There are some good ideas (e.g. regarding the structure of the narration), but all in all I'm missing the satirical sharpness of Robert Altman's "M.A.S.H.". Nichols' film is far too harmless, and the gags sometimes are utterly clumsy, annoying and embarrassing.
Hilarious! Yet another reason why Alan Arkin deserves any and all awards that could be given to him. He's one of the most underrated actors of his generation.
The film itself is a knockout blend of extraordinary humor and tragedy. The tragic madness of war was never better portrayed.
A mess, too cutely clever in places (like the tasteless use of Strauss' Thus Spach Zarathustra), it never manages the immense power of Heller's novel. But there are a few precious moments of Marcel Dalio as an old man in a brothel when the film comes magically to life.
The concept of the Catch-22 is an excellent extended metaphor for the impasses and conflicts of our flawed society.

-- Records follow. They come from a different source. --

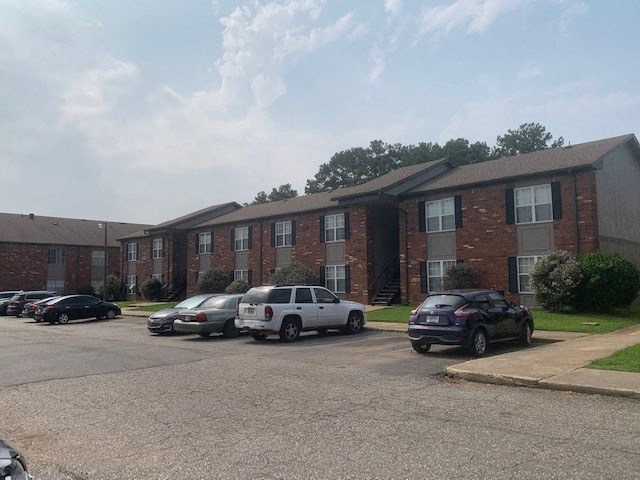 a parking lot in front of a brick apartment building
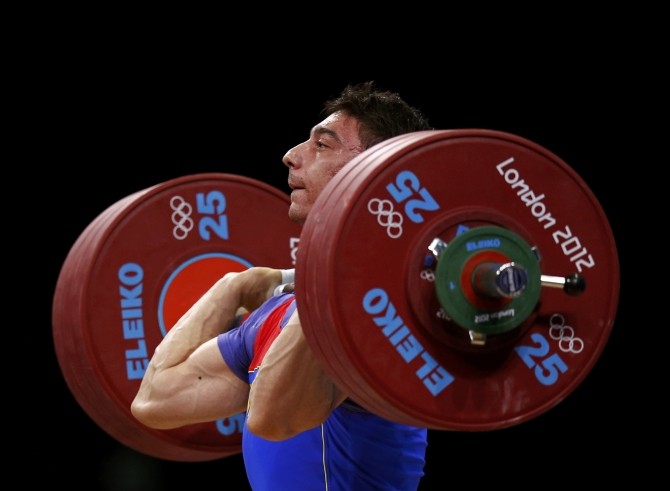 Romania's Razvan Constantin Martin competes on the men's 69Kg Group A weightlifting competition at the ExCel venue at the  London 2012 Olympic Games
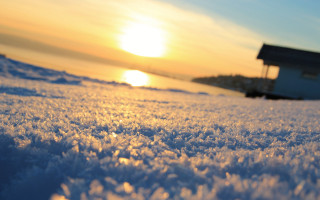 Snowy field house distant sunset - the sun in the distance free wallpaper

Nichols' adaptation is solid, but I would argue that beyond the ground-breaking premise, the book is a fairly rote anti-war satire which can't quite compete on a political level with 'The Thin Red Line', 'Apocalypse Now' and 'Dr Strangelove'.
If you had seen this only on a black and white television you would not know that it was visually perfect in panavision and that the perfect time to watch it was on remembrance day just after Donald Trump was elected President of the United States of America. And then it would all make perfect sense.

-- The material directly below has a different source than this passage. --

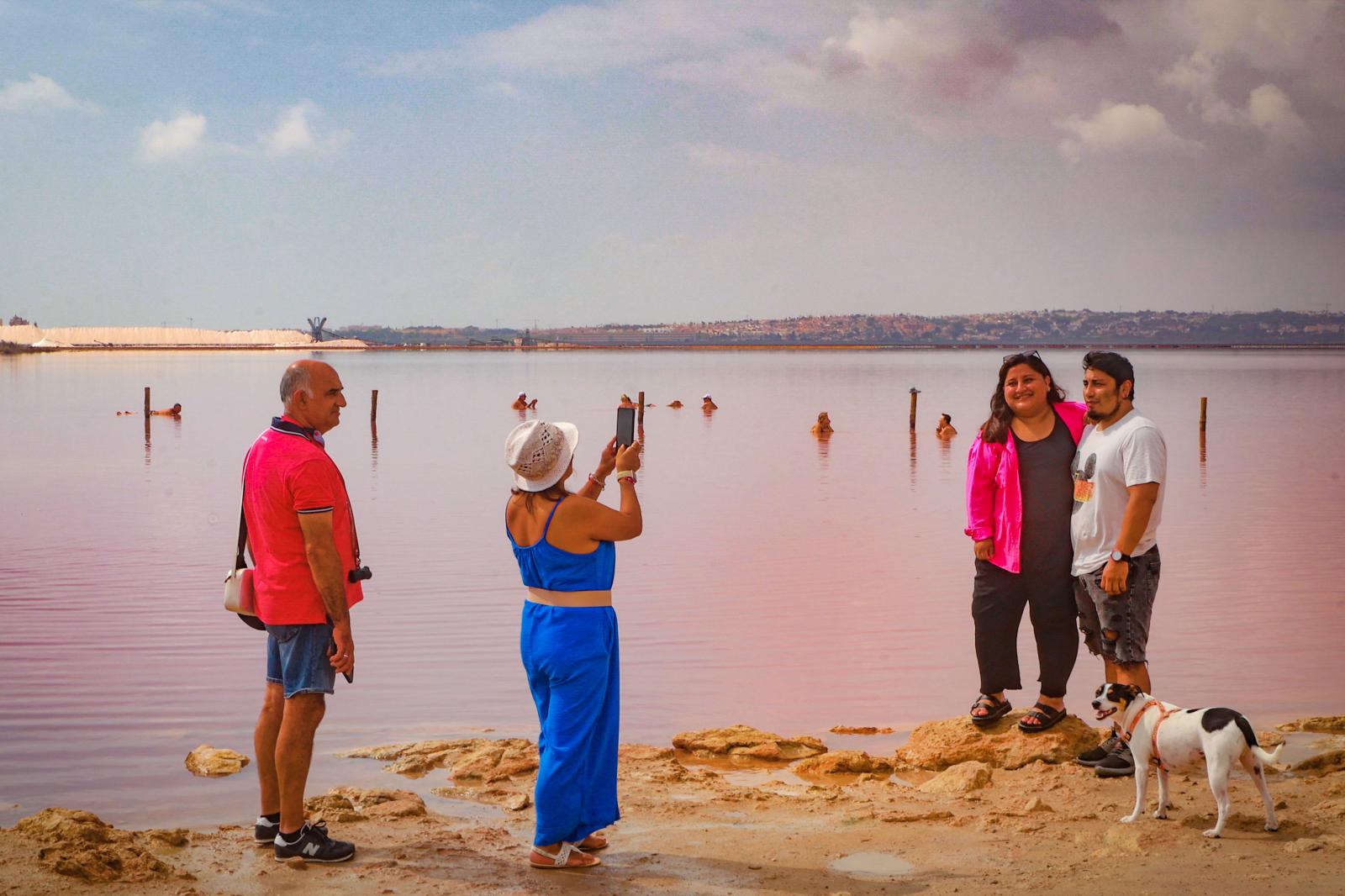 Los turistas toman las orillas de la Laguna Rosa de Torrevieja pese a la prohibición al baño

"What if everyone did that?' "Then I'd be crazy to do any different".
Social satire of the highest order, it's like Bunuel or something.

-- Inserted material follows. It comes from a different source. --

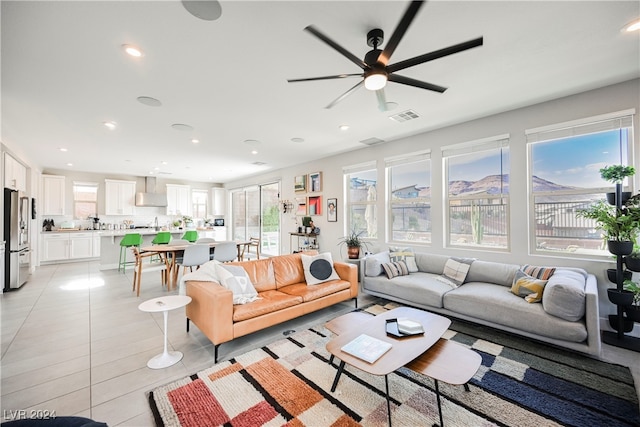 living room featuring plenty of natural light, light tile patterned floors, and ceiling fan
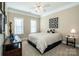 Comfortable bedroom with ceiling fan and neutral decor at 11925 Lawings Corner Dr, Huntersville, NC 28078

When you look at how Mike Nichols started out, performing comedy skits with Elaine May, so ahead of their time https://www.youtube.com/watch?v=lKL1tNv__kU you can see where his witty films come from. Brilliant screenplay, photography and cast, especially Alan Arkin. Loved it.
Terribly underrated. It always ends up getting compared to MASH because they came out the same year but if you can avoid the comparison and can separate the film from the book, Catch-22 is a great film with a great cast. Jon Voight, Alan Arkin & Bob Balaban are particularly good.
Orson Welles had the idea about making a film adaptation of the renown book, but ended up with only a minor part in it. A part that looks weirdly off-tone and banal. Otherwise, an intriguing satire of war as depersonalized bureaucratic loophole, offering more as a set of more or less successful sequences than an overall experience. I appreciate the "pale" aesthetics referencing Italian cinema of 50' and 60's.